## Input for this task
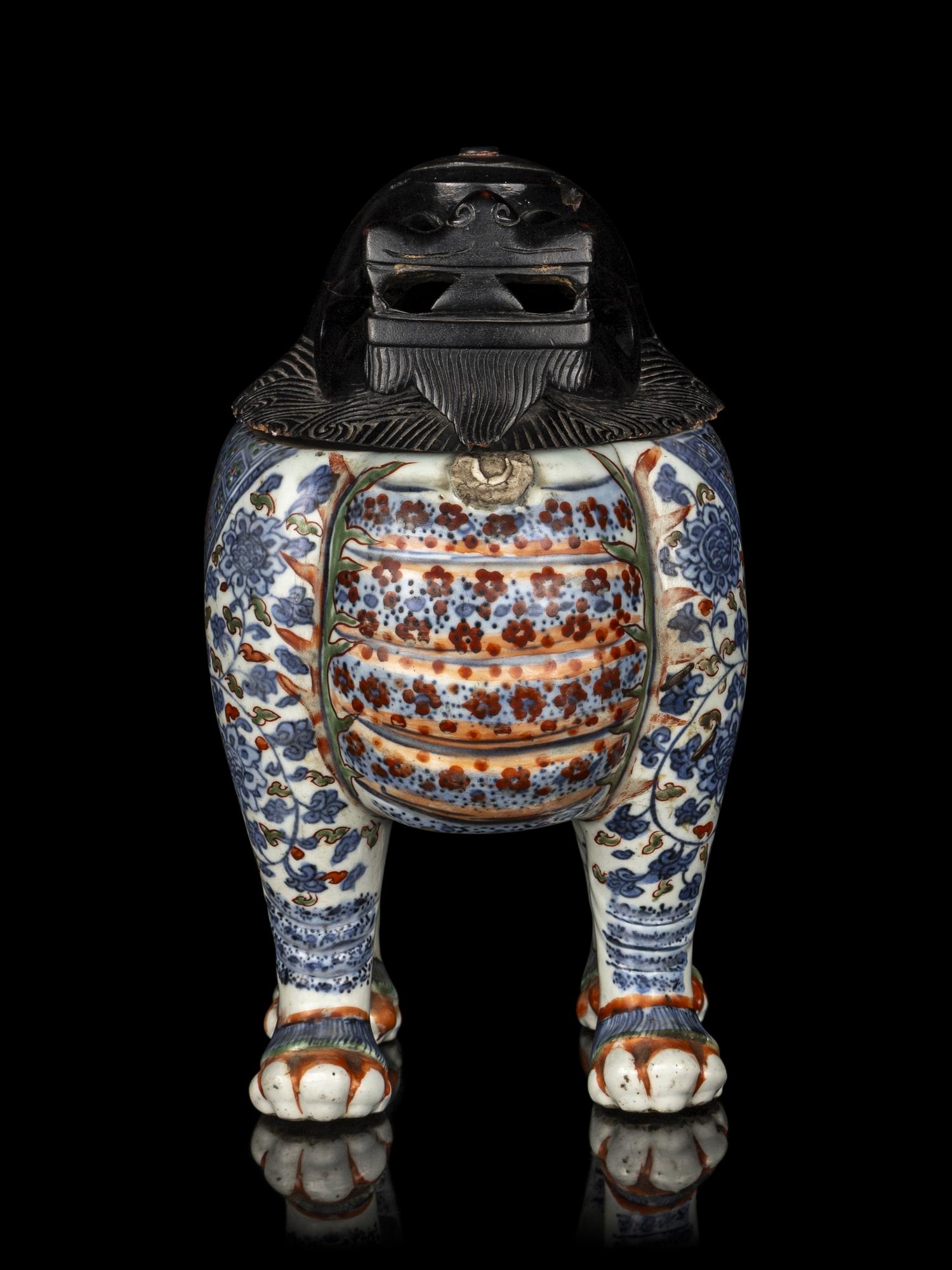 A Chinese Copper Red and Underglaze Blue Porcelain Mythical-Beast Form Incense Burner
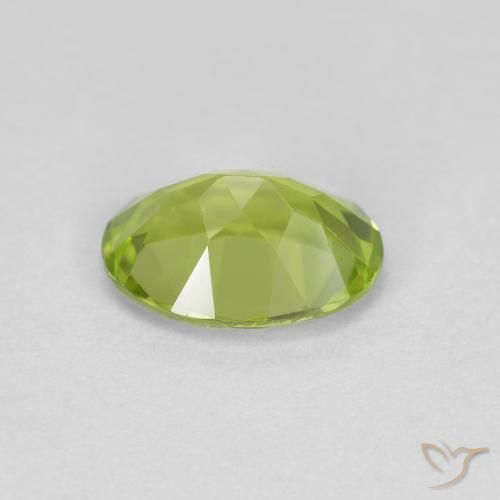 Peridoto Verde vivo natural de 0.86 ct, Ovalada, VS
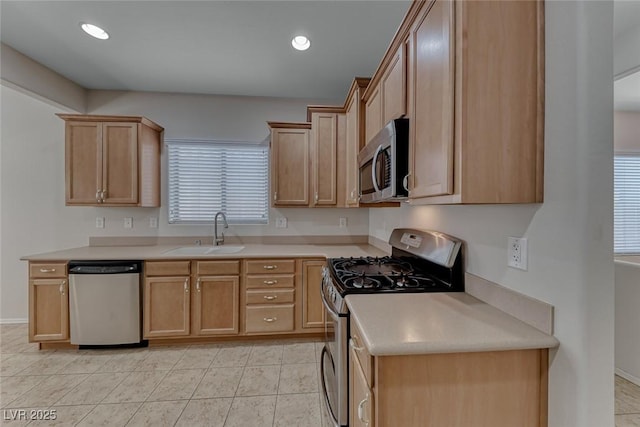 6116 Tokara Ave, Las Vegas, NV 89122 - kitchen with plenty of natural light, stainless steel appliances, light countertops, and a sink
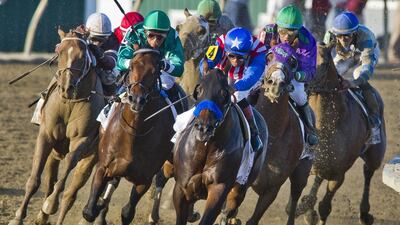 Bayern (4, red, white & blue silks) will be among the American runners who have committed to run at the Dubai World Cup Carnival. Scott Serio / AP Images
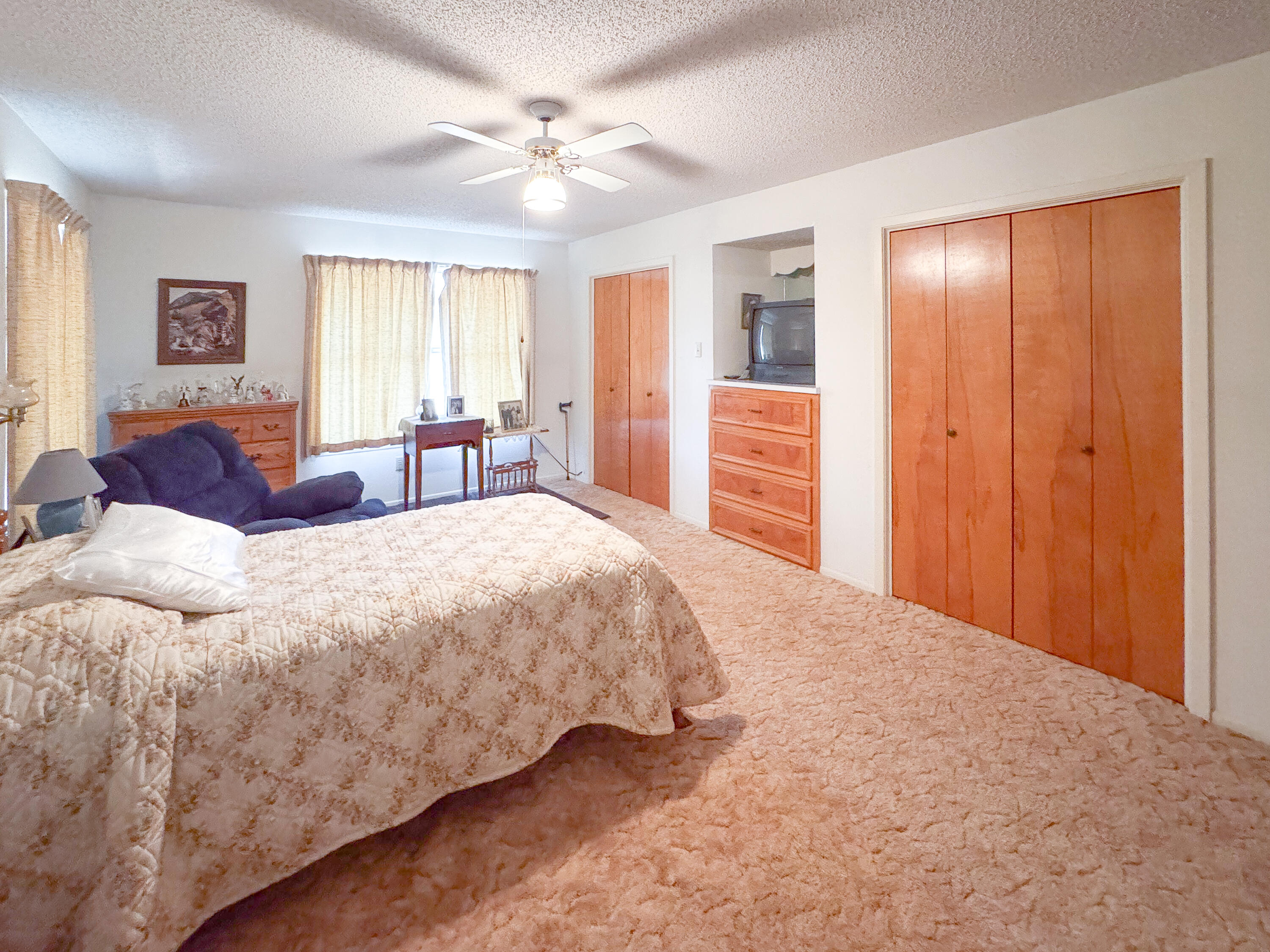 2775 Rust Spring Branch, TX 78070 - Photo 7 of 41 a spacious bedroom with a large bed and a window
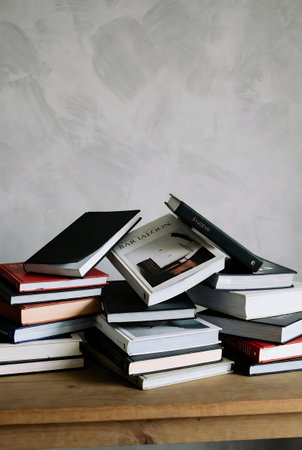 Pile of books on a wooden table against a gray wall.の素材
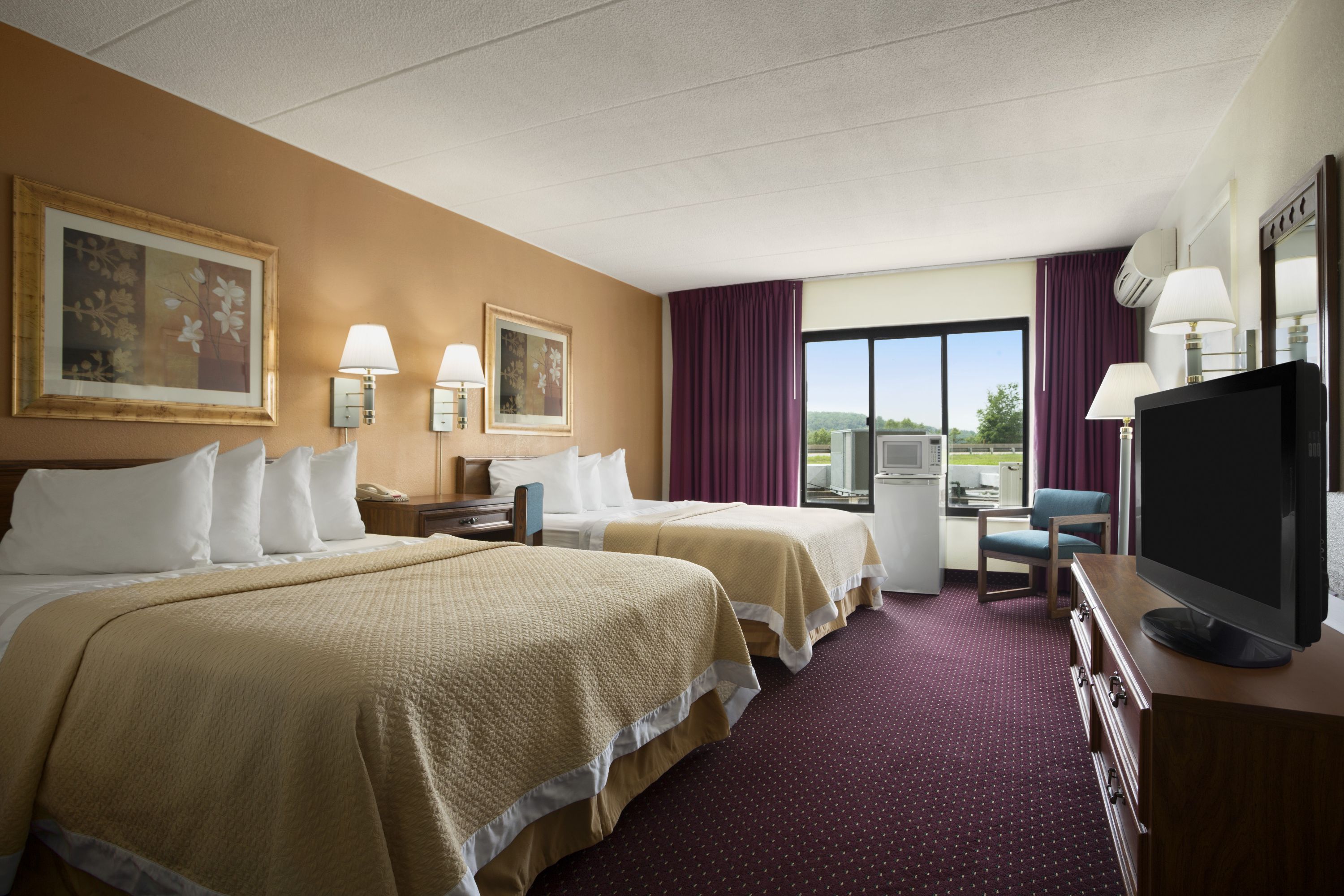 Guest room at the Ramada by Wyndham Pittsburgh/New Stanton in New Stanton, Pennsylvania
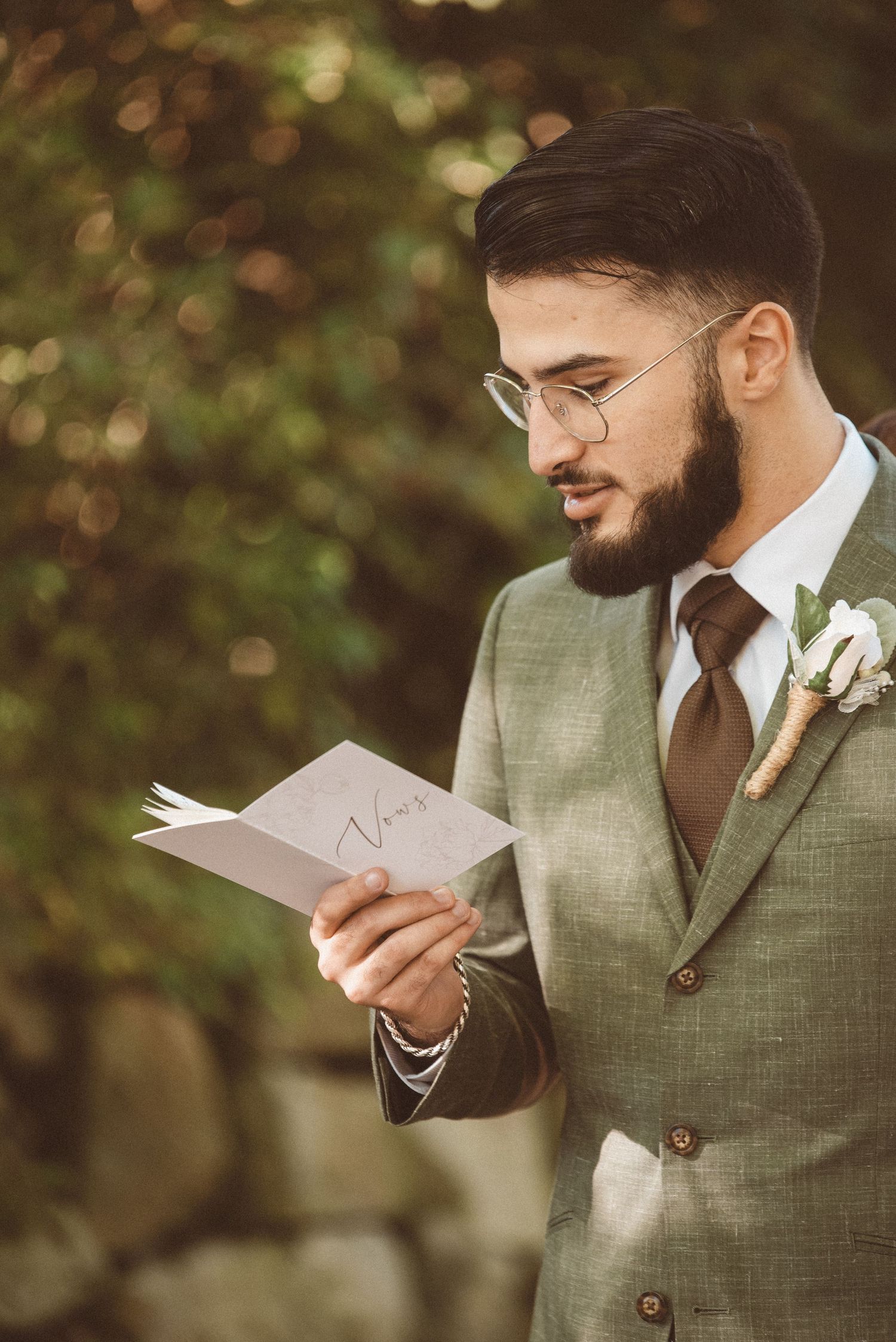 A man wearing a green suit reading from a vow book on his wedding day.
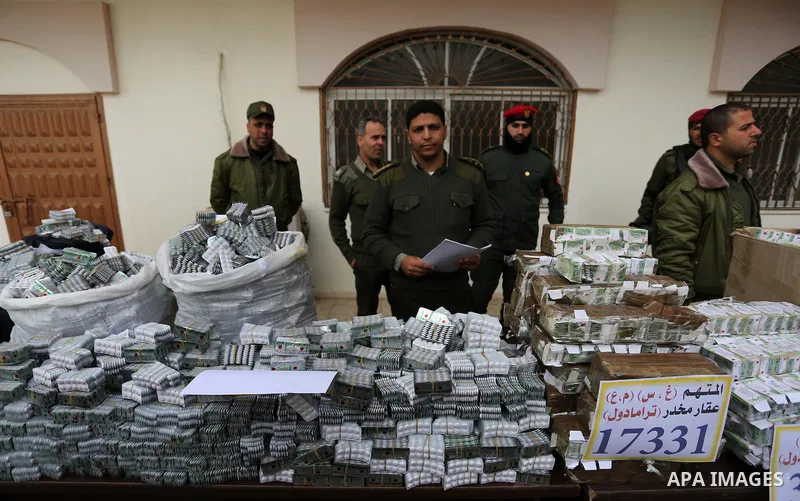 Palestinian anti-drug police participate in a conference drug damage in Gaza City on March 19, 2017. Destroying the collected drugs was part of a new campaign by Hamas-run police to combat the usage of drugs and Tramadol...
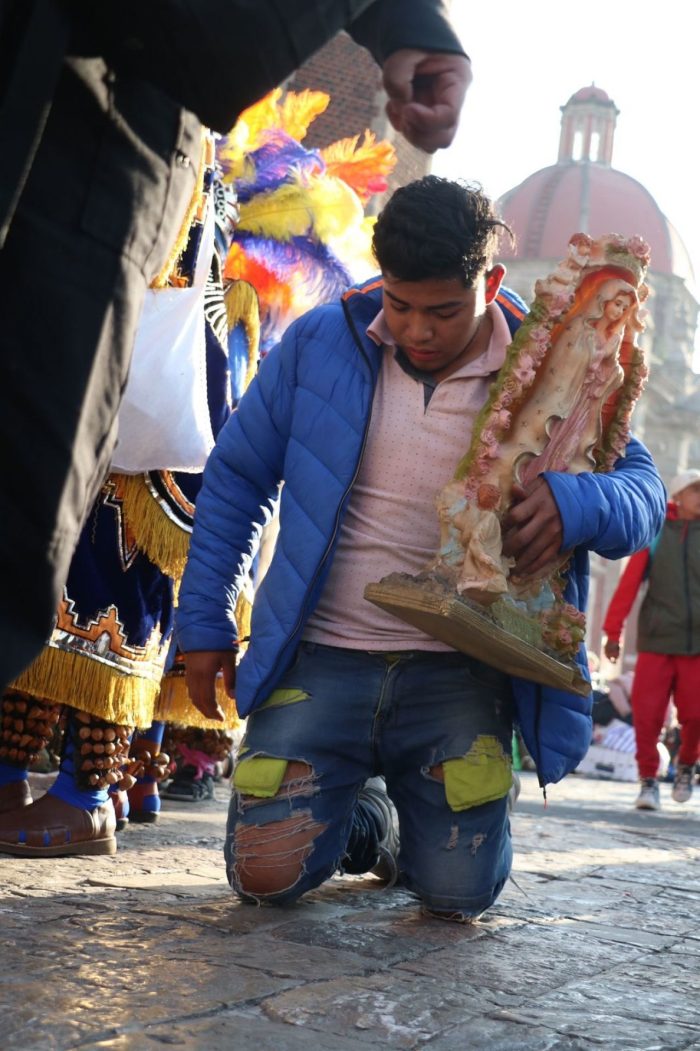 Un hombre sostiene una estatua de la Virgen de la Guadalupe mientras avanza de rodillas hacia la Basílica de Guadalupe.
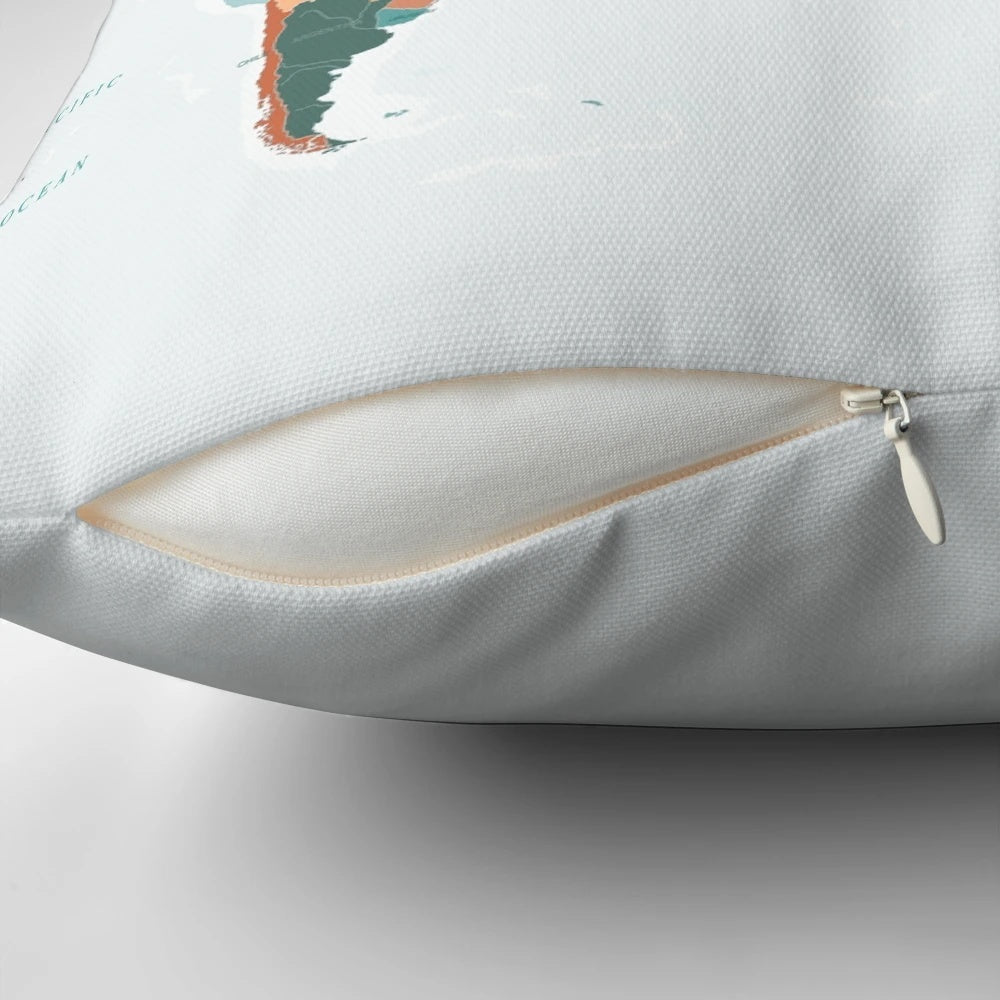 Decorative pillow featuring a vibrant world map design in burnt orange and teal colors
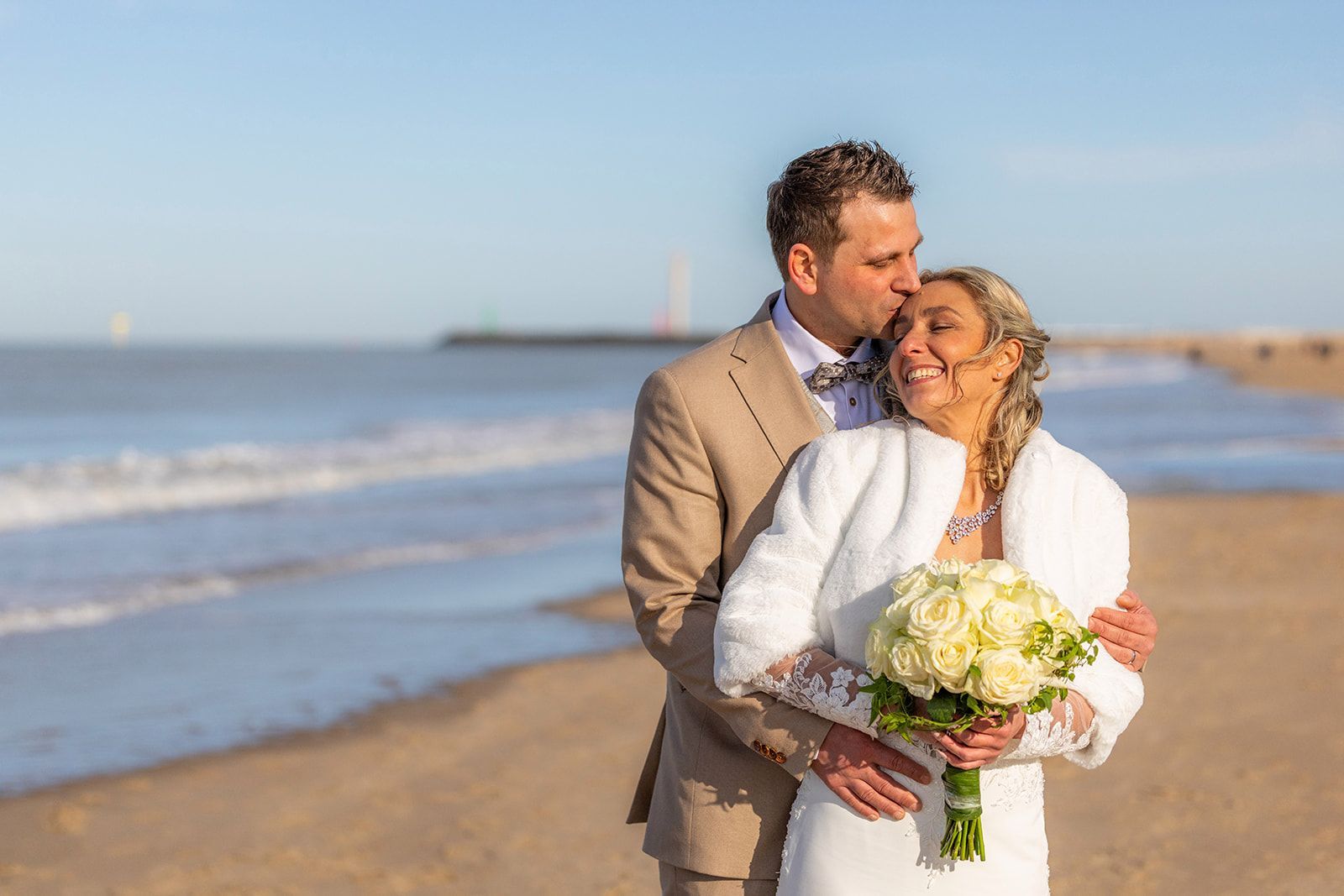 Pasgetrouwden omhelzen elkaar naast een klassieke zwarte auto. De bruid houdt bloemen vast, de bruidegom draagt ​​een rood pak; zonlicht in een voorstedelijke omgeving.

## Problem statement
Quote only the lines that start at the line holding "Decorative pillow featuring" and end at the last line of the entries, including both of those lines, and omit every picture.

## Answer for the task
 Decorative pillow featuring a vibrant world map design in burnt orange and teal colors
 Pasgetrouwden omhelzen elkaar naast een klassieke zwarte auto. De bruid houdt bloemen vast, de bruidegom draagt ​​een rood pak; zonlicht in een voorstedelijke omgeving.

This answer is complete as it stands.